Dampak negatif gratifikasi adalah menurunnya kualitas performa kerja penerima hadiah akibat tumbuhnya kecenderungan untuk memprioritaskan pelayanan pada pemberi hadiah dibanding yang lain, secara psikologis gratifikasi berpotensi membunuh pelan-pelan sifat ikhlas dalam bekerja karena munculnya harapan mendapat imbalan di luar pendapatan resmi atas jasa yang diberikan, dan gabungan itu akan merusak profesionalisme kerja keseluruhan dalam sistem. Bayangkan bila hal itu terjadi dalam sebuah institusi pendidikan yang bertugas menempa kognisi dan karakter anak-anak kita.
Rumah Belajar Persada (RBP), Jatibening Baru, Bekasi; adalah salah satu institusi pendidikan mandiri yang menerapkan larangan gratifikasi di lingkungan kerjanya. RBP yang juga merupakan penyelenggara Homeschooling Kak Seto (HSKS) Jatibening itu memang tidak mengizinkan para guru yang berkarya edukatif dalam naungannya untuk menerima gratifikasi dalam bentuk apapun dari para orangtua anak-anak didik mereka.

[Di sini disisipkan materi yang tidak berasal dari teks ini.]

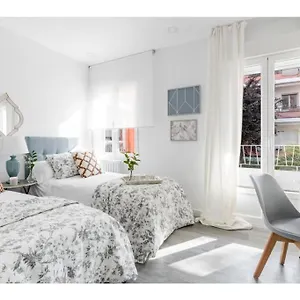 https://fantastic-flat-with-terrace-arturo-soria-d2.besthotelstoledo.com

“Kecuali bila orangtua yang bersangkutan bersedia memberikan hadiah yang sama pada semua guru secara anonim dan disalurkan melalui Ketua Yayasan.” Ujar salah satu founder RBP, Revita Tantri, dalam sebuah perbincangan via Whatsapp Selasa (28/7) pagi,” (Aturan) ini dimaksudkan untuk menegakkan obyektifitas dalam diri guru selaku pendidik terhadap anak-anak didiknya.”
Lebih lanjut Revita memaparkan,”Bayangkan kalau ada orangtua yang memberi ‘tips’ atau ‘hadiah’ rutin pada guru tertentu saja, kira-kira akan mampukah guru yang bersangkutan mempertahankan obyektifitasnya saat mengedukasi anak dari orangtua tersebut? Apakah perlakuan fair dan equitable (adil, -pen.) bisa ditegakkan?” Perlakuan diskriminatif akan memberikan dampak buruk bagi tumbuh-kembang kejiwaan anak dan itu harus dihindari sejauh mungkin.
Tujuan pemberian hadiah sesungguhnya bukan untuk memancing perilaku wanprestasi para penerimanya, namun untuk membangkitkan kegembiraan yang nantinya diharapkan dapat memacu mereka berkarya lebih baik lagi. Dedikasi mendidik memang harus tumbuh dalam hati setiap guru dengan jalan terus belajar dan berlatih mengendalikan hati serta pemikiran dalam upaya terus menerus memperbaiki diri sebagai figur yang layak diteladani oleh lingkungan sosialnya. Tentu saja senua dilakoni dengan tulus ikhlas tanpa berharap adanya kado-kado gratifikasi dari para anak didik.